# TASK DESCRIPTION
Below are the records; return every line from the one that contains "Women's Sleeveless Henley Top" to the last, exactly, skipping the pictures.

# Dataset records
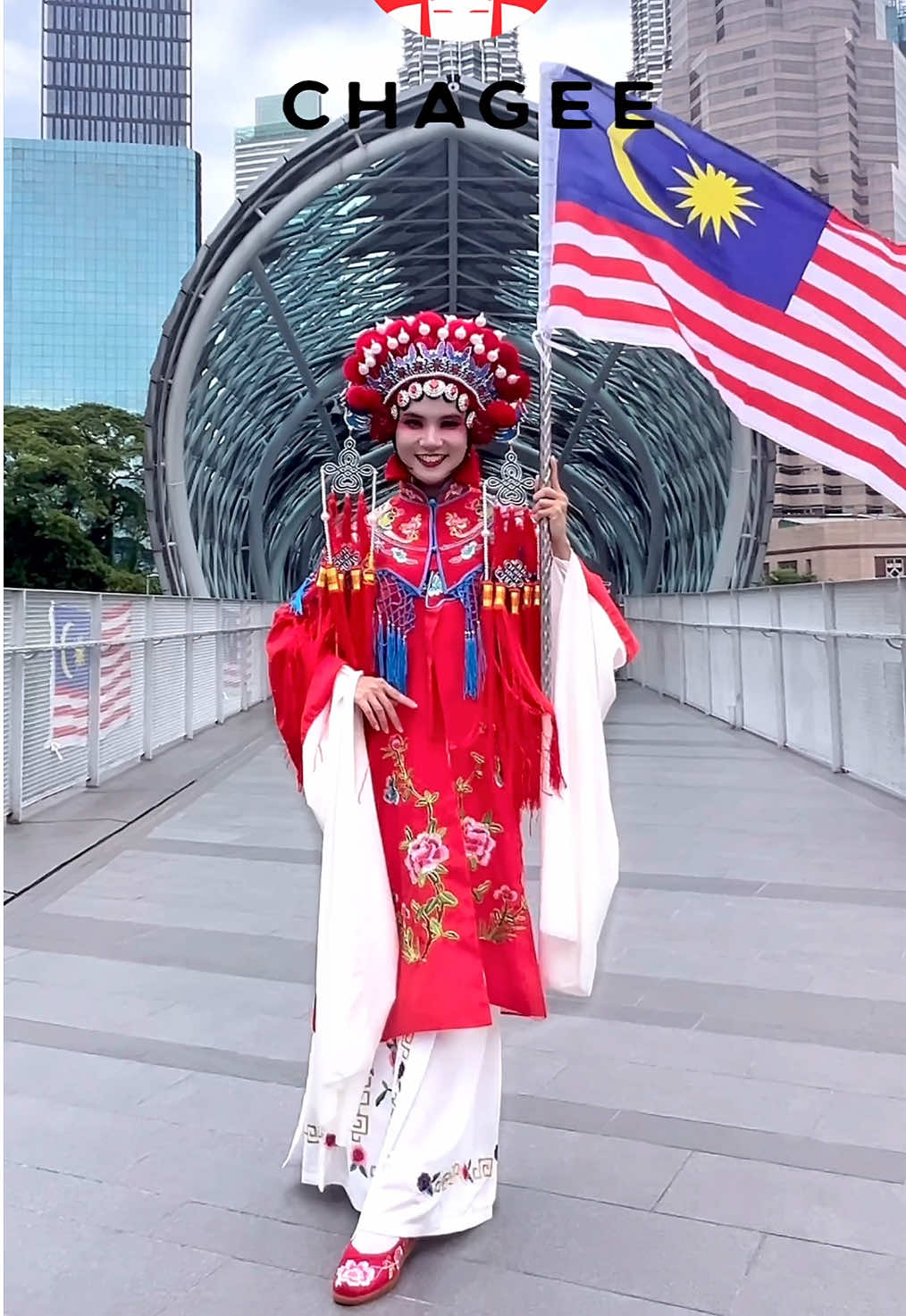 Selamat Hari Kebangsaan ke-68, Malaysia! 🇲🇾 Saya sayang negara saya ✨ Bangga jadi anak Malaysia! ❤️🤍💛💙 Follow me @gigicheoh for more 🫶🏼 . #MalaysiaMerdeka #HariKebangsaan #MalaysiaTrend #makeuptransition #transition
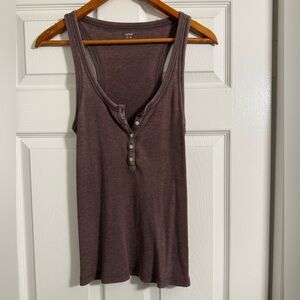 Women's Sleeveless Henley Top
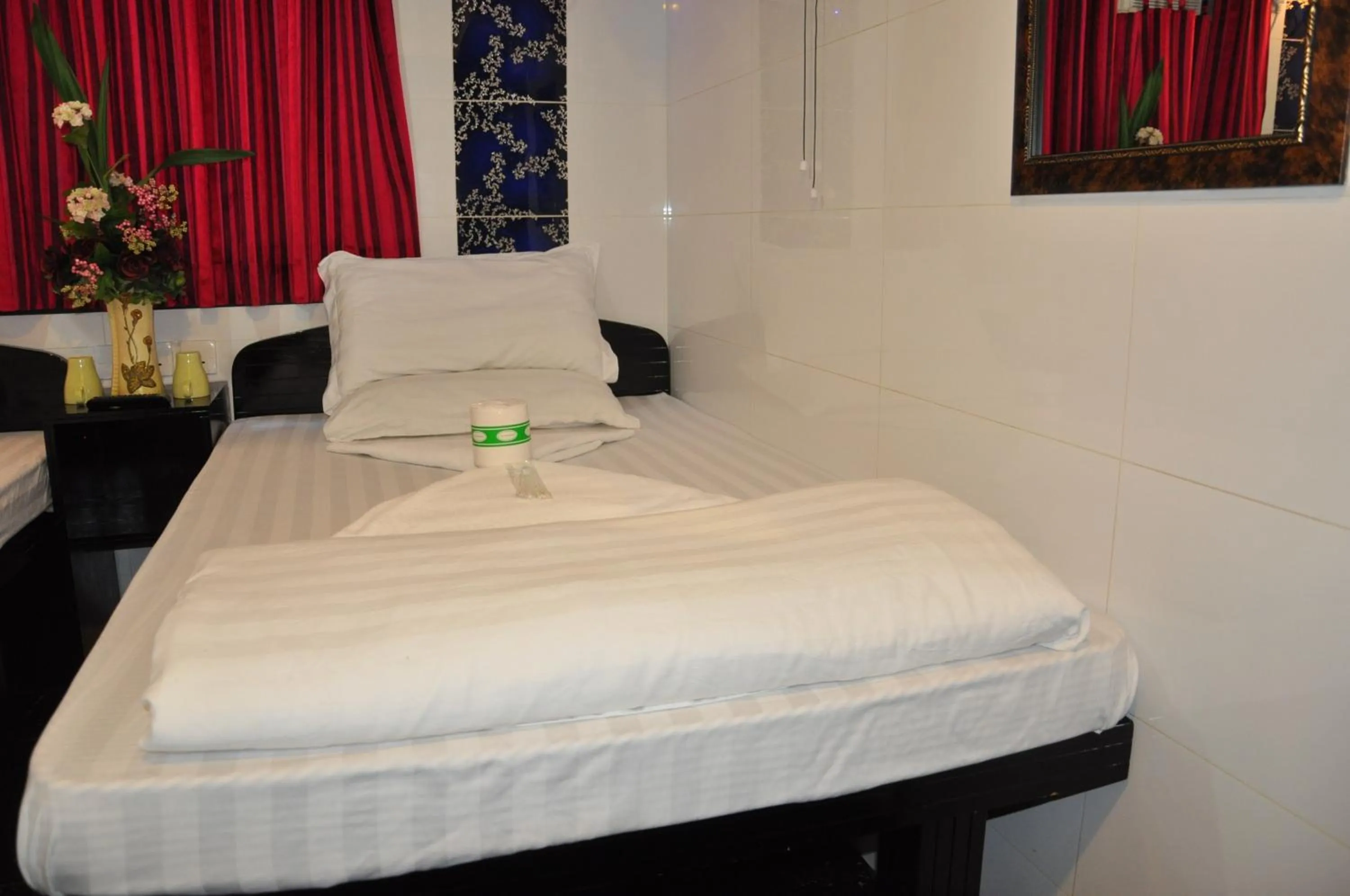 Photo of the whole room, Bed in Castle Inn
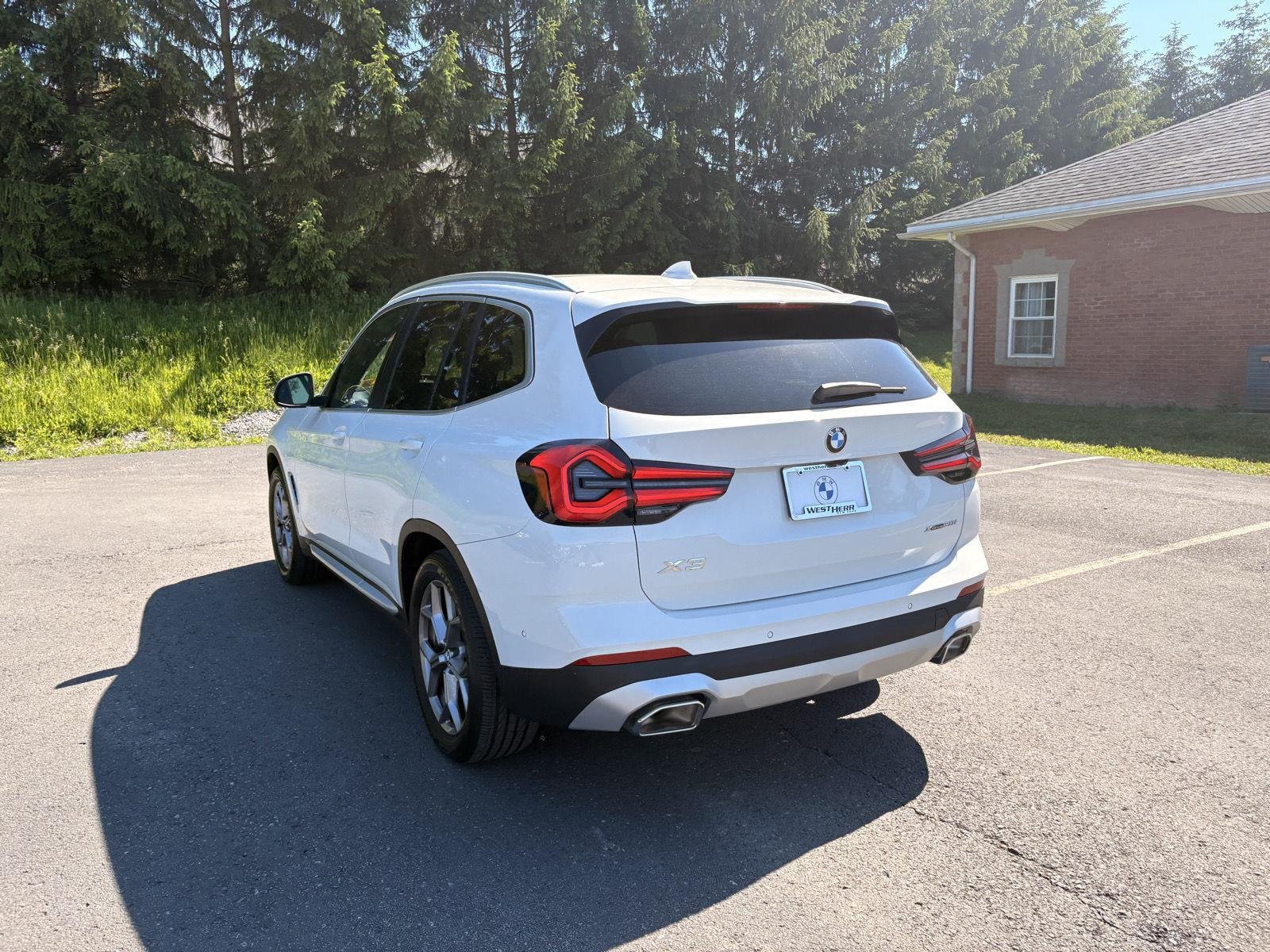 Certified Used 2023 Alpine White BMW xDrive30i image 5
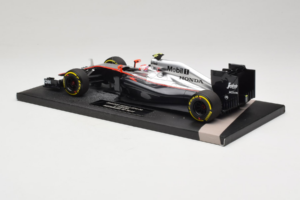 McLaren MP4-30 Honda #22 J. Button McLaren Honda F1 Team Australian Grand Prix 2015 Minichamps 1:18 537151822 Métal — image 5 sur 7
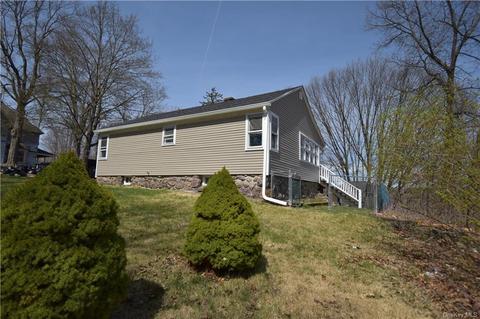 6 Bride Hill Rd, Woodbury Town, NY 10917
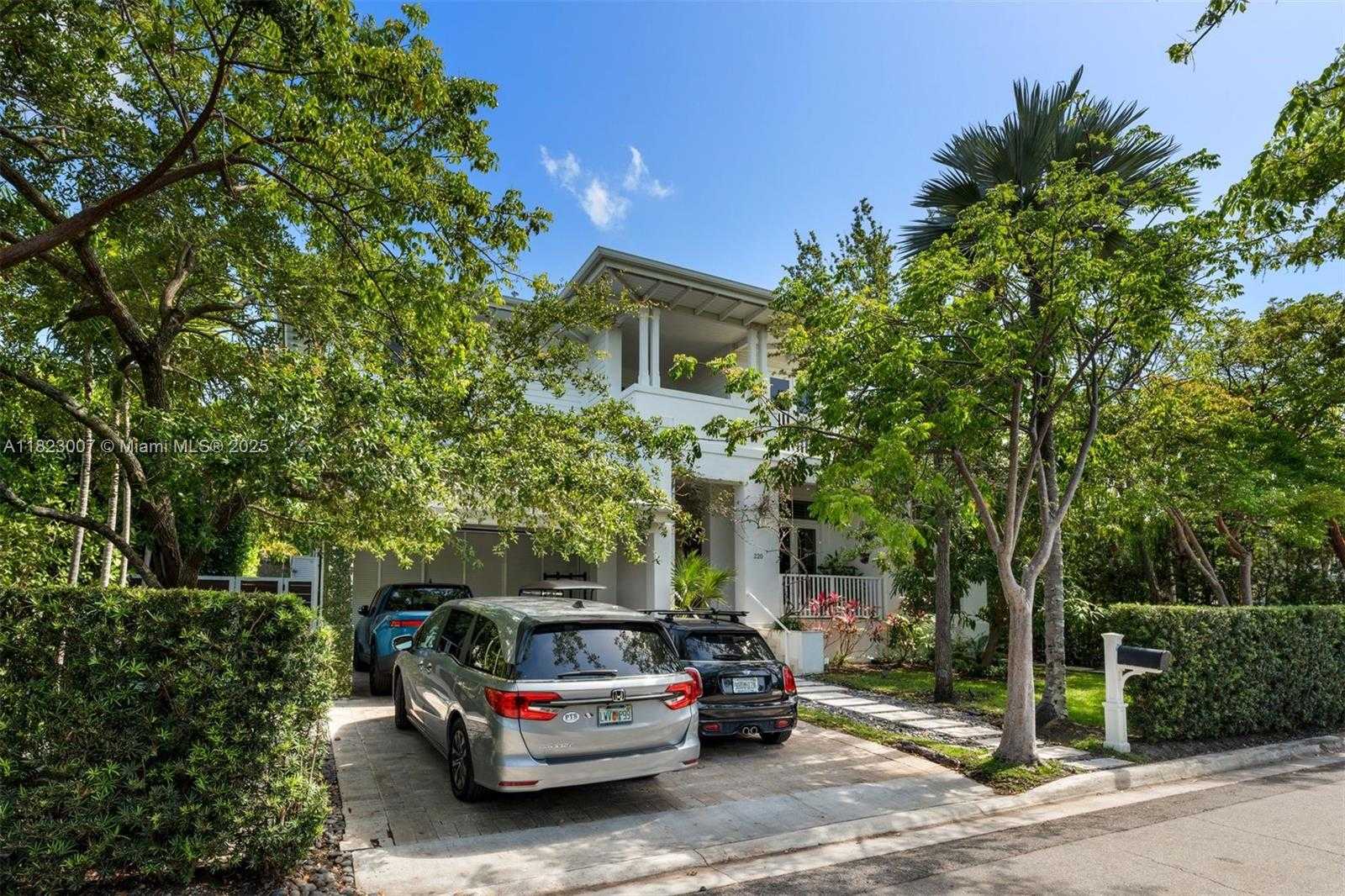 Small Image of 220 CYPRESS DR, Key Biscayne Number 59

# YOUR SOLUTION
 Women's Sleeveless Henley Top
 Photo of the whole room, Bed in Castle Inn
 Certified Used 2023 Alpine White BMW xDrive30i image 5
 McLaren MP4-30 Honda #22 J. Button McLaren Honda F1 Team Australian Grand Prix 2015 Minichamps 1:18 537151822 Métal — image 5 sur 7
 6 Bride Hill Rd, Woodbury Town, NY 10917
 Small Image of 220 CYPRESS DR, Key Biscayne Number 59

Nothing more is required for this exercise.